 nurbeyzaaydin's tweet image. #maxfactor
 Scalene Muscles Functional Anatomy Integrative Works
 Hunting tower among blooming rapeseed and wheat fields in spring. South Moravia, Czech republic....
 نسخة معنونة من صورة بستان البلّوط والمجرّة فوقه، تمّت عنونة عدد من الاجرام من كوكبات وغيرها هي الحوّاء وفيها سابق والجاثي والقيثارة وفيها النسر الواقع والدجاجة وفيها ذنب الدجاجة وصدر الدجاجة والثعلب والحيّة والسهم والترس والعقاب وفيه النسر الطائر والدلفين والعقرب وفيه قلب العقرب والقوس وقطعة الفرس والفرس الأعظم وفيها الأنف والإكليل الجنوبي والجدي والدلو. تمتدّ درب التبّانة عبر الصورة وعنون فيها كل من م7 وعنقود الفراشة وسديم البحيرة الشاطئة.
+--
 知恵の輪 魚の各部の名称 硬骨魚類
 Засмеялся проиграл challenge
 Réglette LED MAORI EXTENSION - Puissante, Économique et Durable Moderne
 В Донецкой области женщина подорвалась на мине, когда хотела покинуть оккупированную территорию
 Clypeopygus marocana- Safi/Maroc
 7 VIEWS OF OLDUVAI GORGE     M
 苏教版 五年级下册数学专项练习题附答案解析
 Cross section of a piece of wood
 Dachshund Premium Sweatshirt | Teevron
+--
WHAT YOU WILL DO — What do the lines above say from the one containing "Scalene Muscles Functional" down to the one containing "Hunting tower among"? Return them exactly, both end lines included, and only them.

RESPONSE AREA —
 Scalene Muscles Functional Anatomy Integrative Works
 Hunting tower among blooming rapeseed and wheat fields in spring. South Moravia, Czech republic....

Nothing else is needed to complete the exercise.